Qui ne pense pas les courants similaires "presque pareils mais en moins bien"?
Qui ne croit pas détenir LA vérité?
Un être sage, n'est-il pas simplement un exemple de sagesse?

C'est aberrant, tous ces gens qui s'agitent, ergotent et ne vont nulle part, se complaisant dans leur grandeur spirituelle, persuadés de percer le fond des illusions alors même qu'ils ne sont pas foutus d'observer le bout de leur propre nez. Refusant de remettre en question des actes et des habitudes de pensées basiques sous prétexte qu'ils en savent plus que les autres, qu'ils en ont vus plus que d'autres, prétexte fondé évidemment sur une pensée profonde certes mais néanmoins toujours subjective qui entraîne elle-même un jugement tout aussi subjectif et restreint. 
Un maître ne cesse-t-il jamais d'étudier les bases qu'il enseigne? Ne les étudie-t-il pas plus assidument que quiconque?
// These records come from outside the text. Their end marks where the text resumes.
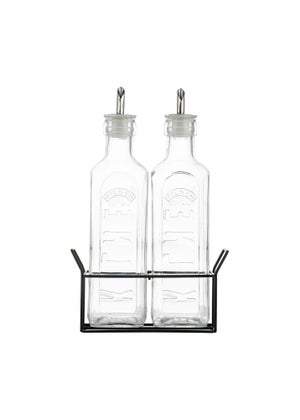 Kilner Set of 2 Oil Bottles & Metal Rack (600ml)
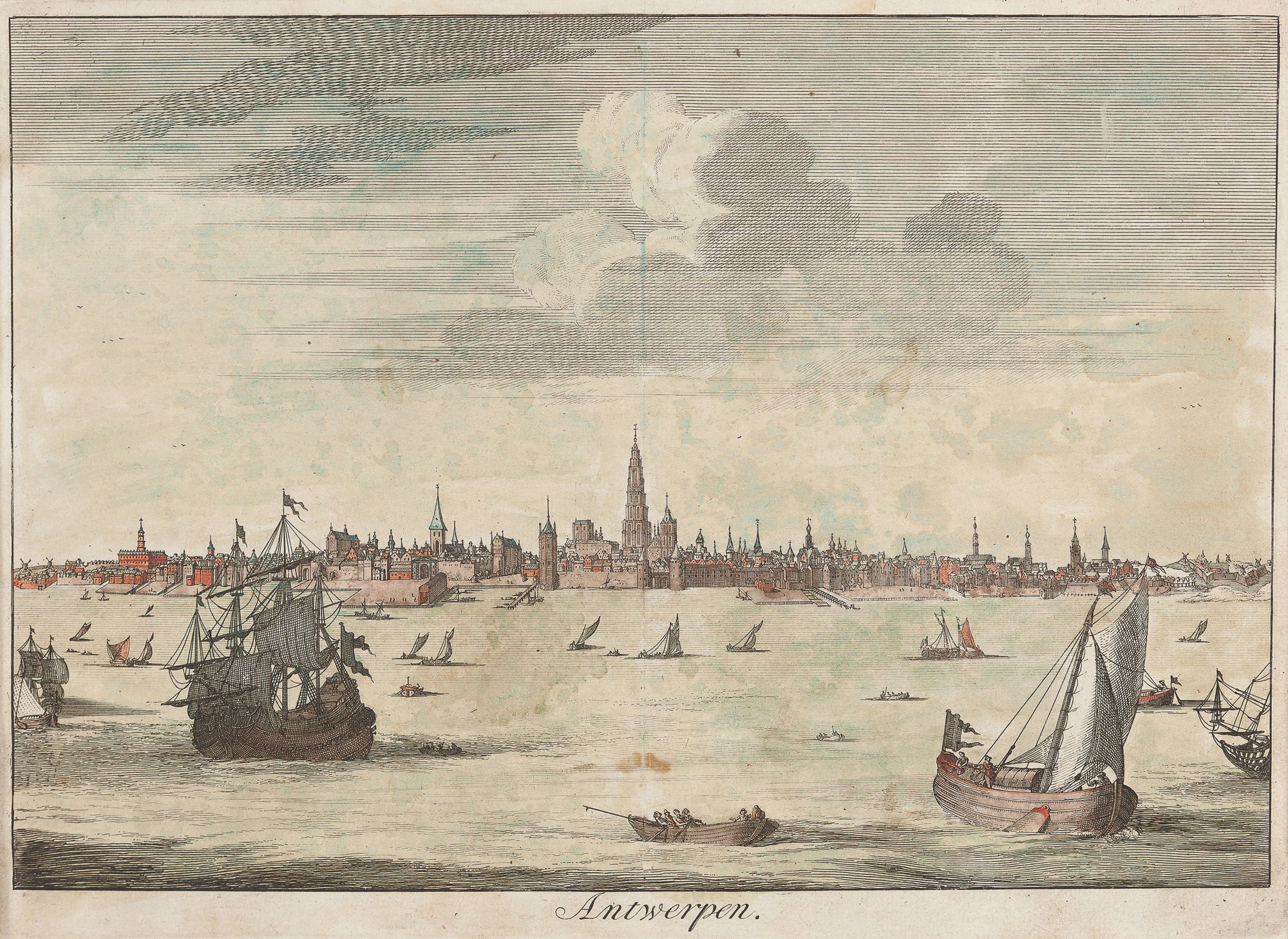 Antieke prent. Antique print. Nice view at Antwerp seen from the Schelde with a lot of ships. Contemporary handcoloured engraving published by Francois Halma, Amsterdam 1705, antwerp, Belgium, flanders, engraving, city view
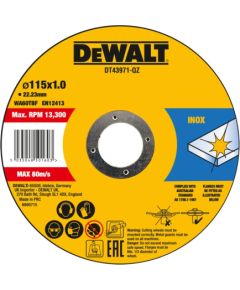 Abrazīvais griešanas disks DeWalt DT43971-QZ; 115x22,23x1,0 mm; 10 gab. Dažādi diski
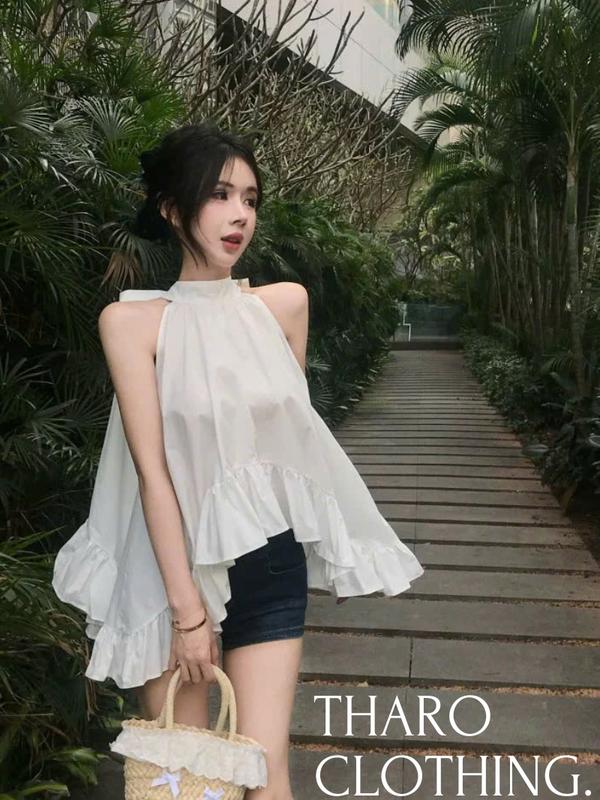  Áo Yếm Bèo Dài Cột Nơ Sau - Tharo Clothing  AO00257  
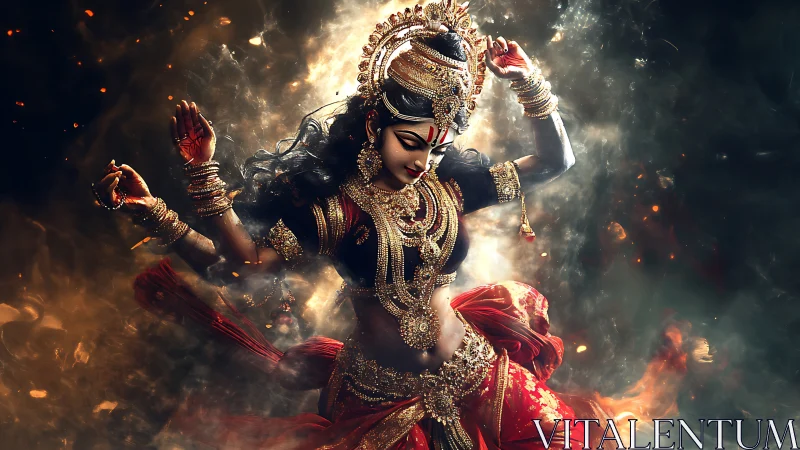 Digital depiction shows ornate dancer amid dynamic smoke field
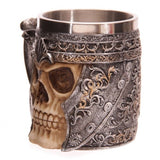 Alt text: "15cm Decorative Skull Warrior Tankard featuring intricate skull design, perfect for themed parties and collectors."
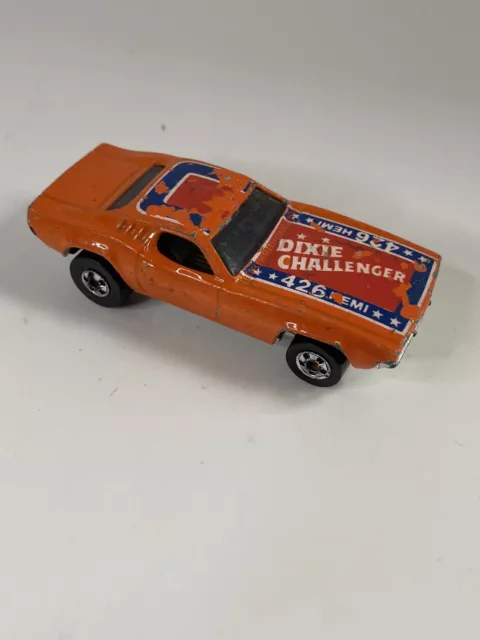 RARE 1970 HOT WHEELS Orange Dodge Dixie Challenger 426 HEMI Car Black Wall  Tires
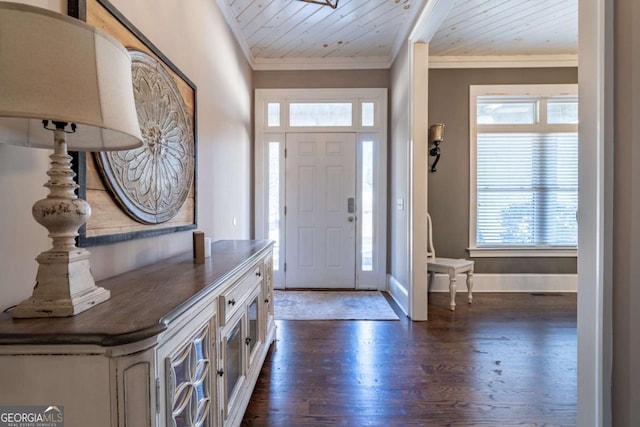 entryway featuring wooden ceiling, dark hardwood / wood-style flooring, and ornamental molding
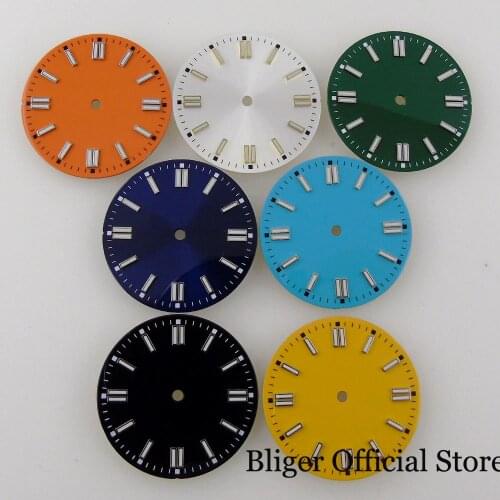 BLIGER 29MM Sterile fit MIYOTA 8215 821A 8205 ETA 2824 2836 Watch Dial Green luminous Index Green/Red/Blue/Orange Color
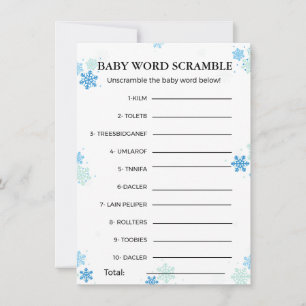 Winter Baby word scramble baby shower game Card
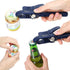 Home Kitchen Safety Bottle Jar Wine Manual Can Opener, 4-in-1 Gadget with Corkscrew, Blue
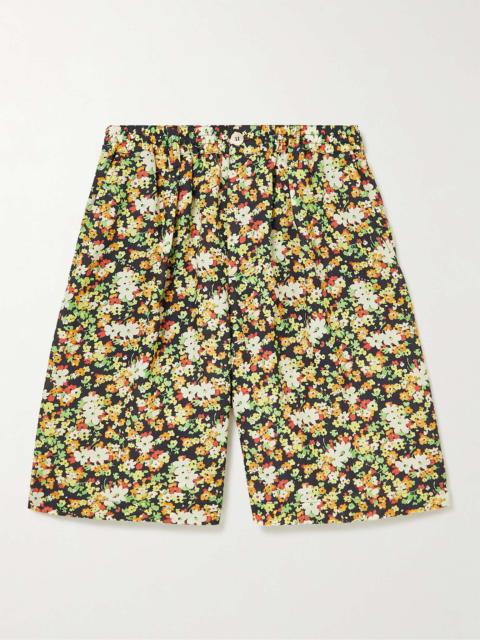 Wide-Leg Pleated Floral-Print Woven Bermuda Shorts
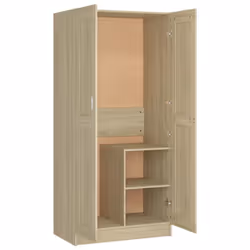 vidaXL Wardrobe Sonoma Oak Engineered Wood Clothing Cabinet Home Organiser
Je ne comprends décidément pas pourquoi, avec tous ces individus rencontrés autoproclamés spirituellement élevés et éveillés, je n'en ai pas trouvé (ou si peu) des modestes et réellement appliqués dans leurs efforts personnels. Pourquoi ça ne me donne pas envie de les suivre? Certes, ils ont tous eu des vies incroyables et il y en aurait des romans à écrire. Certes ils ont la connaissance. Mais la sagesse? Où est la mise en pratique de leurs tirades?

Après tout, grande ou petite âme, on est logés à la même enseigne. On se fournit chez le même distributeur. On a tous pris le corps qu'on nous a donné et on foule la même Terre chaque jour de notre existence. Bien sur qu'il y a des nuances. Mais les bases, elles sont communes. A se concentrer sur des détails de nos vies passées on en oublie l'essentiel. On parle d'ego, de présent, d'acceptation, d'ouverture. Pourtant, ces mots là qui sortent de notre bouche, c'est avant tout à nous qu'ils parlent. Nous sommes tous aussi uniques que nous sommes similaires. Alors arrêtons de nous croire l'un ou l'autre. Dans le fond, nous ne sommes pas plus grand qu'un autre. Pas plus utile qu'un autre. Puisque nous sommes ici, au même moment, au même endroit, avec l'autre. Nous sommes l'autre. Par conséquent, cette définition ne peut pas être discriminatoire.